Developing a Reproducible WDL-Based Workflow for RNASeq Data Using Modular, Software Engineering-Based Approaches
TimeSunday, November 11th10:30am - 11am
DescriptionComputational workflows have become standard in many disciplines, including bioinformatics and genomics. Workflow languages, such as the Workflow Description Language (WDL) and Common Workflow Language (CWL) have been developed to express workflow processing syntax. These languages can be highly expressive and customizable however this can result in perpetuating the complex tangle of code that can be difficult to maintain and comprehend.
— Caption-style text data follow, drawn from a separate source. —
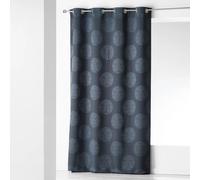 Rideau à Oeillets Jacquard Orkys 140x260cm Navy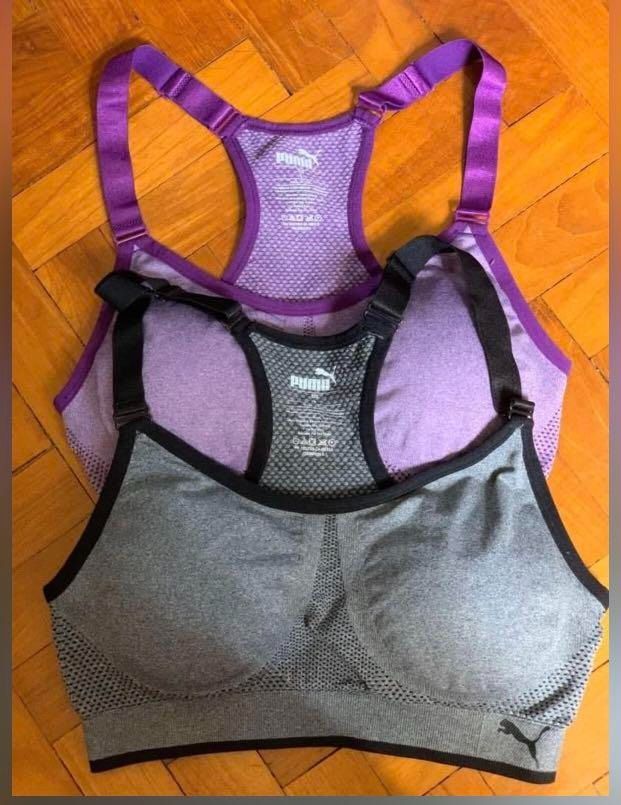 Puma sport bra light purple, Women's Fashion, Activewear on Carousell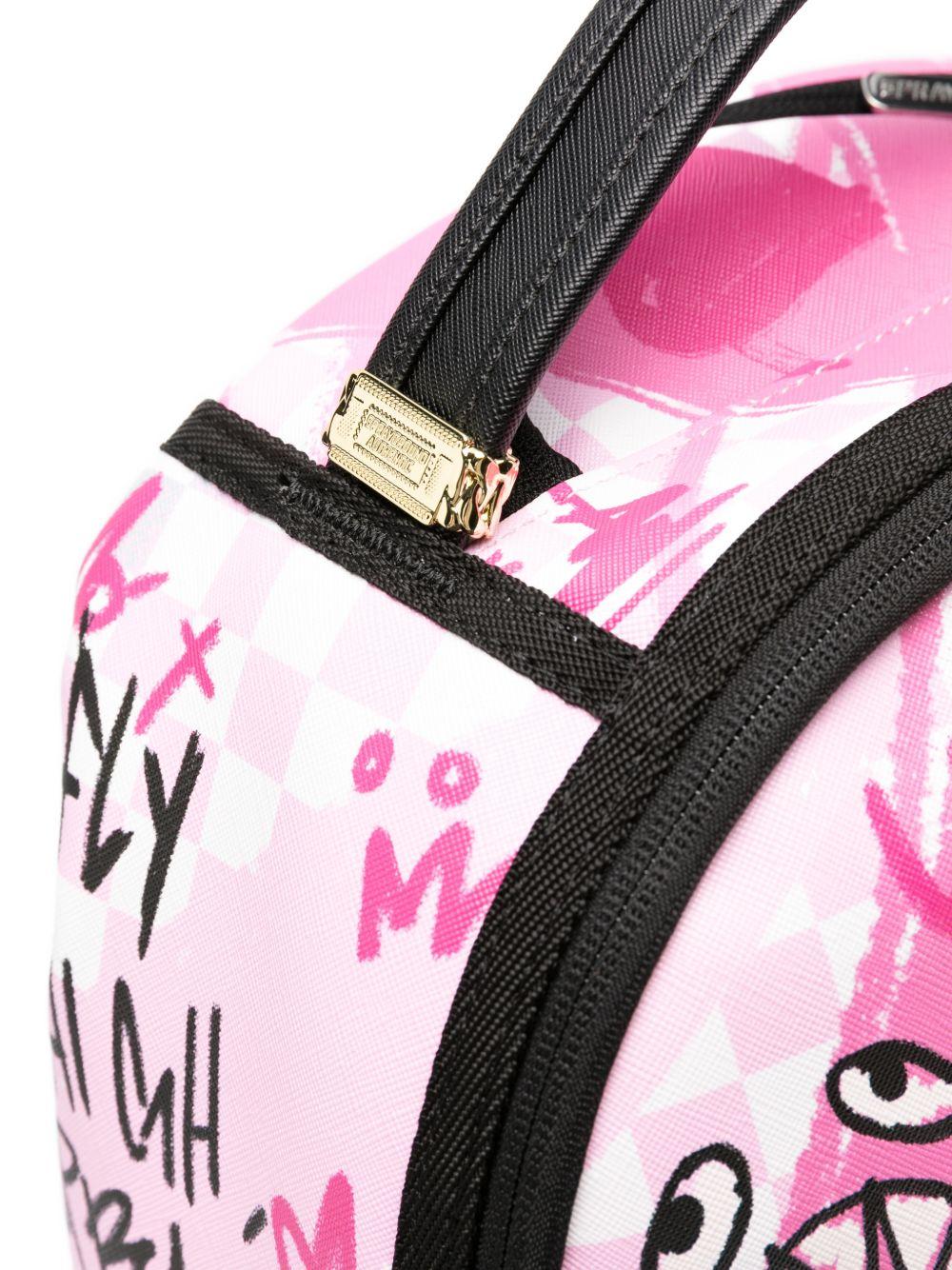 Zaino per bambina Sprayground Kid rosa con stampa grafica Broken Hearts Club 910B8672 NSZ SPRAYGROUND KIDS 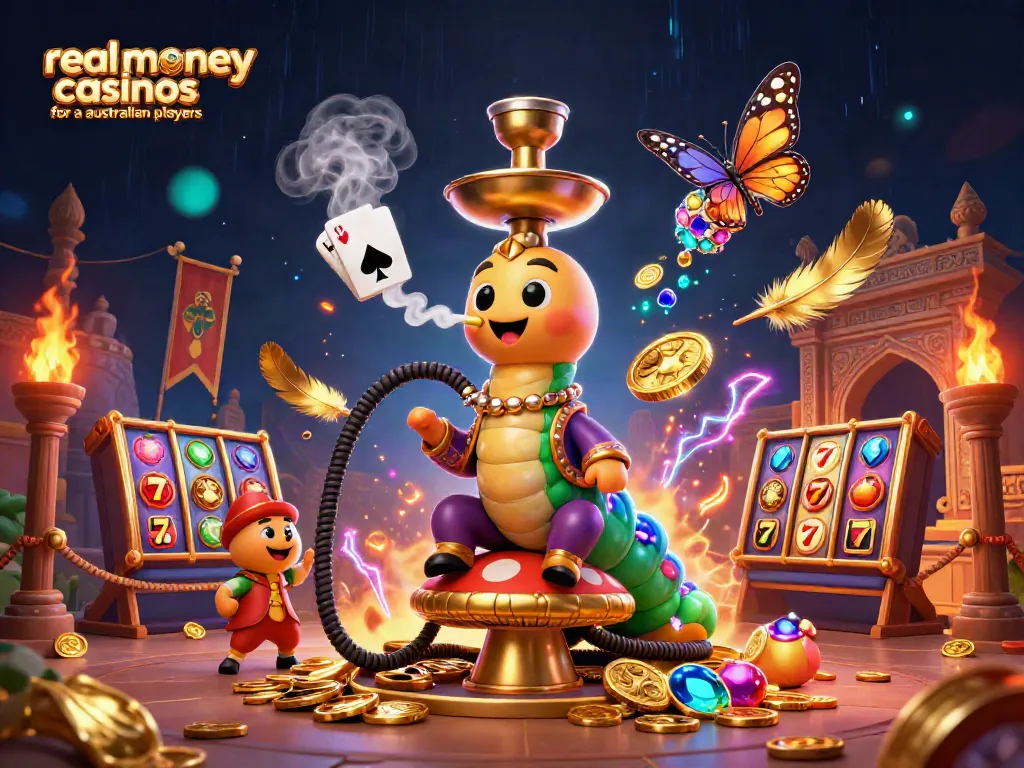 Experience exciting gameplay at real money casinos for australian players with vibrant 3D characters and game elements.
The Moffitt Cancer Center participates in the ORIEN Avatar project, a multi-center project that has generated molecular profiles (DNASeq, RNASeq) on ~1,000 tissues to date. To support reproducibility in the analysis of RNASeq data for this project, we have implemented an RNA Sequencing Genomics analysis pipeline using Cromwell, a WDL-based workflow engine, in our HPC environment. Constraining the language to specific structural conventions and emphasizing modularity, we have built a pipeline suitable for operational purposes and maintainability. We implemented individual tasks with built-in unit testing and nested levels of workflow integration for successively complex integration testing. This pipeline has been successfully used by bioinformatics staff at Moffitt Cancer Center with minimal training.